Tras estas palabras, y sin esperar respuesta, Mina se levantó y pidió que le permitieran irse a descansar. Mientras salía, la señora Sommières la siguió con la mirada.
—Una chica excepcional —comentó—. Desde que la conocí durante mi última estancia en tu casa, el año pasado, pienso que acertaste de pleno escogiéndola.
—No fui yo quien la escogió, fue el Destino. Ya sabe que la pesqué en el Rio dei Mendicanti, adonde la había arrojado sin querer.
—Lo recuerdo. Pero acaba de decir algo que me ha chocado: incolora e invisible. ¿Tú te has parado a mirarla aunque sólo sea una vez?
—Por supuesto, puesto que le he hecho comentarios sobre su ropa.
—No me entiendes. Quiero decir mirarla de verdad. Por ejemplo, ¿la has visto alguna vez sin gafas?
—No, ni una sola. Hasta durante la zambullida consiguió mantenerlas sobre la nariz. ¿Por qué me lo pregunta?

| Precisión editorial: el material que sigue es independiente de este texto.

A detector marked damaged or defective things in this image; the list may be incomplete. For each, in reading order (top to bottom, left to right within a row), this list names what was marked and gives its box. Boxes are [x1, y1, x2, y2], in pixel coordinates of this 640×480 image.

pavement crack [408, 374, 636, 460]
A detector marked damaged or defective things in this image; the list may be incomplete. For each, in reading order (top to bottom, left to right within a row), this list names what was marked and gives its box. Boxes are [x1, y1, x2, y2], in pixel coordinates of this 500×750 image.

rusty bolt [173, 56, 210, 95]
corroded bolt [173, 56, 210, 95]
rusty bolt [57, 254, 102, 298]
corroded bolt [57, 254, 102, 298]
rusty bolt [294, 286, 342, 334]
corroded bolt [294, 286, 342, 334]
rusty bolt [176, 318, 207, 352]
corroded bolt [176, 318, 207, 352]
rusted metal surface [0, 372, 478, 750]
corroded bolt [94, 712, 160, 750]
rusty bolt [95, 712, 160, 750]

—Para saber hasta qué punto te interesas por ella. Reconozco que tiene bastante mal gusto y que lleva unas gafas horribles, pero esta noche la he observado atentamente…
—¿Y qué?
—Pues que, si yo fuera hombre, creo que intentaría ver qué hay debajo de esa vestimenta de cuáquera y esas antiparras de viejo bibliotecario. Podría encontrar un material sorprendente…

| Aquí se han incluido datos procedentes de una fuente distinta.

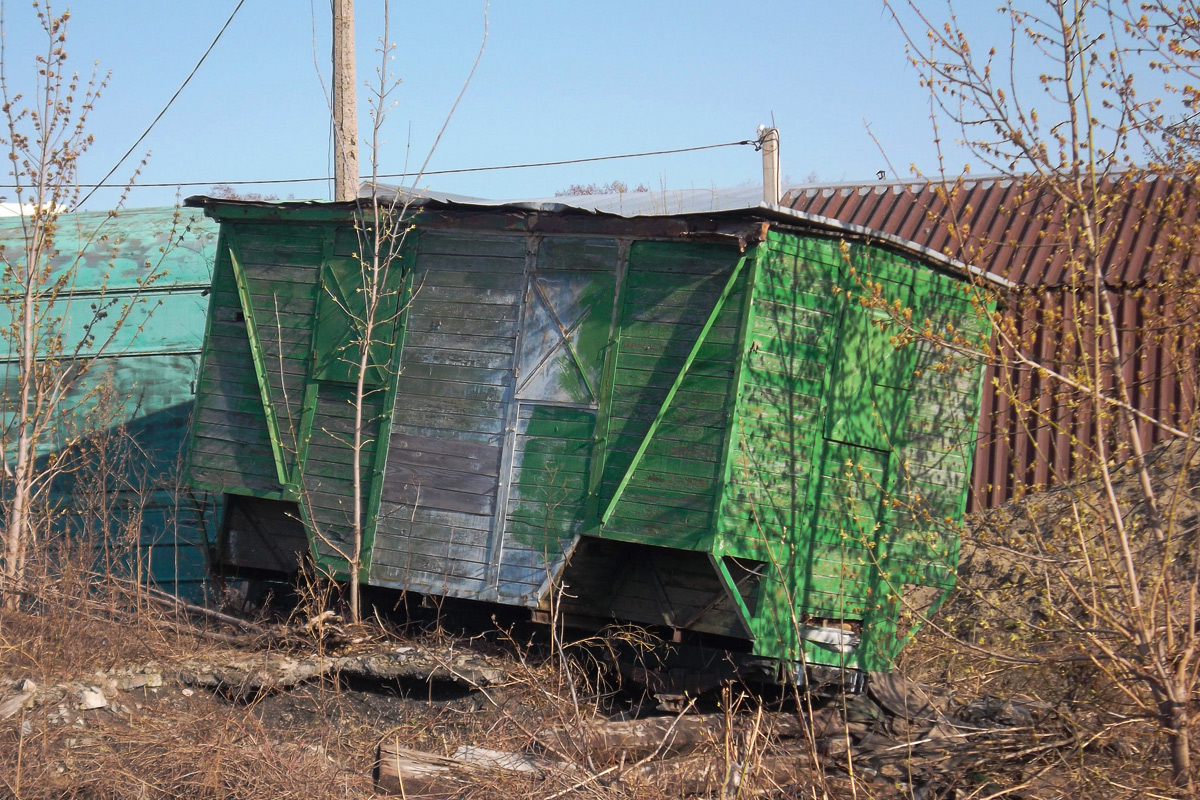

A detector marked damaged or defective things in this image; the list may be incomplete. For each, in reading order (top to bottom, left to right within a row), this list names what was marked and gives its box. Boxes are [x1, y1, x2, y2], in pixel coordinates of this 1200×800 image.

rusty metal roof [782, 175, 1195, 287]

La súbita entrada de Marie-Angéline puso fin a la conversación. La piadosa señorita estaba excitada y ardía en deseos de propagar la noticia que llevaba: una ambulancia cubierta de polvo acababa de cruzar la verja de la mansión Ferrals.

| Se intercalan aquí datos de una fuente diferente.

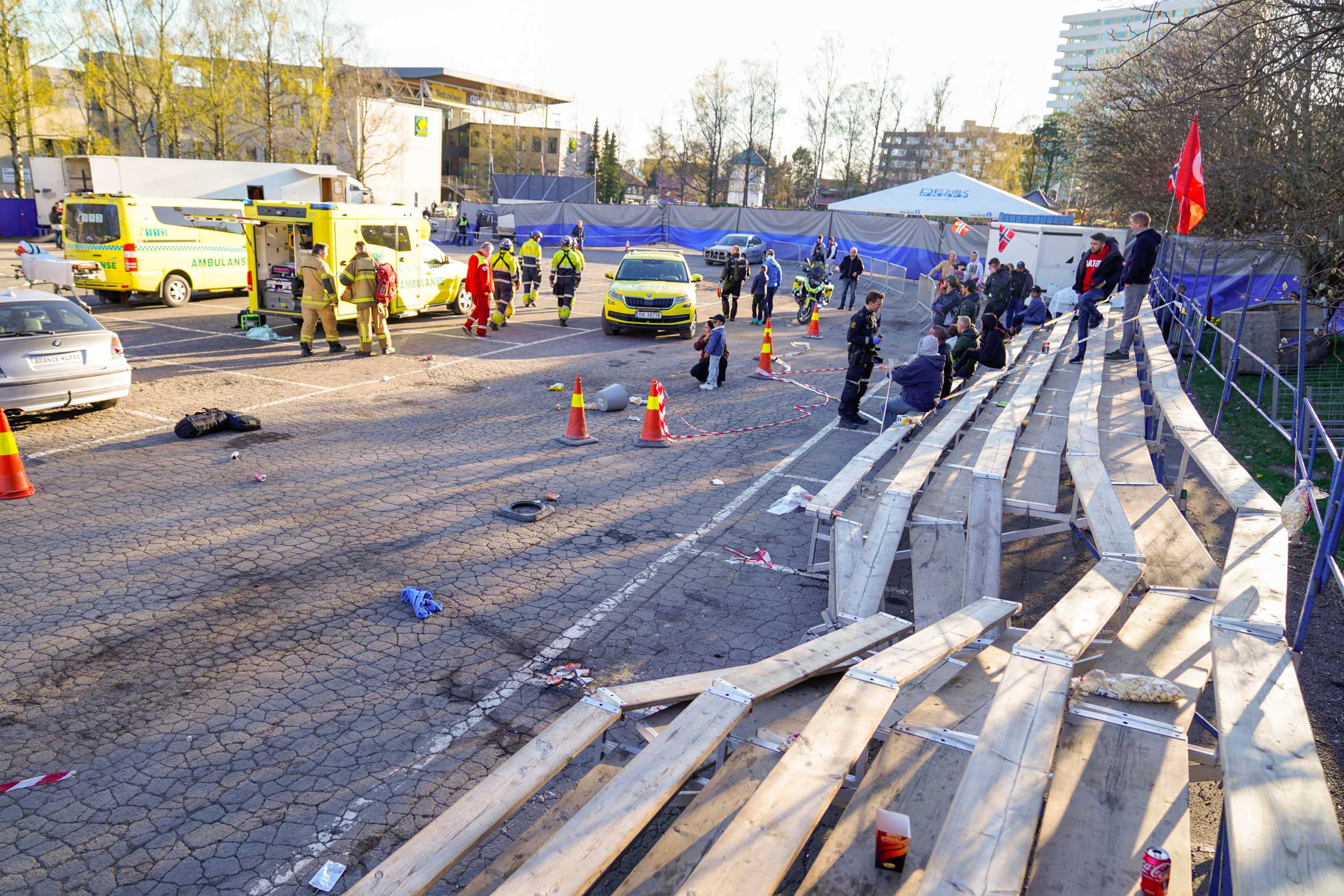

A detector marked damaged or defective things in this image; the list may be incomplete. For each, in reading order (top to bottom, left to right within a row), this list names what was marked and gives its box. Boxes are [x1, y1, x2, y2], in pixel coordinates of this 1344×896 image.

De repente, Aldo olvidó a su secretaria, el zafiro y las preocupaciones de Adalbert para pensar en una sola cosa: Anielka estaba de nuevo cerca de él y, gracias a la maravillosa Marie-Angéline, a la que vistió de inmediato con los colores de Iris, la mensajera de los dioses, al día siguiente tendría noticias suyas.
Las tuvo, en efecto, pero no fueron las que esperaba. Según la cocinera, habían llevado a la nueva señora a su habitación en compañía de Wanda y de una enfermera, las únicas, aparte de su esposo, que podían acceder a ella. Para el resto del personal, la habitación estaba condenada. Nadie estaba autorizado a acercarse a ella, ya que la joven había contraído una enfermedad contagiosa sobre cuya naturaleza se guardaba un silencio absoluto.
—Pero ¿a qué viene todo ese misterio? ¡No tendrá la peste! —estalló Morosini.
—¡Quién sabe! —dijo Plan-Crépin, evasiva pero encantada por el giro que habían dado los acontecimientos—. En cualquier caso, la señora Quémeneur lo ignora. Todo lo que ha podido decirme es que una bandeja bastante llena subió anoche y volvió vacía. De lo que se puede deducir, creo yo, que lady Ferrals no está tan enferma como dicen.
—Claro…Aldo permaneció unos minutos pensativo antes de decidirse a decir:
—¿Aceptaría hacerme un favor?
—¡Por supuesto! —respondió Marie-Angéline, exultante.
—Se trata de lo siguiente: me gustaría que intentara enterarse de dónde se encuentra la habitación de lady Ferrals y cuáles son las ventanas que le corresponden. Quizá sea un poco difícil, pero…
—¡En absoluto! Ya lo sé: cuando la joven polaca y su familia fueron a instalarse en el Ritz, antes de la boda, sir Eric mandó reformar la habitación destinada a ella. La señora Quémeneur me lo contó entonces. Parece ser que es de un lujo…
—No lo dudo. Y tampoco que es usted una bendición del cielo —la interrumpió Morosini, nada dispuesto a escuchar una larga descripción—. Entonces, ¿dónde está?
—En el lugar natural que corresponde a la señora de una casa: las tres ventanas del primer piso que forman una rotonda. Y que dan al parque, claro.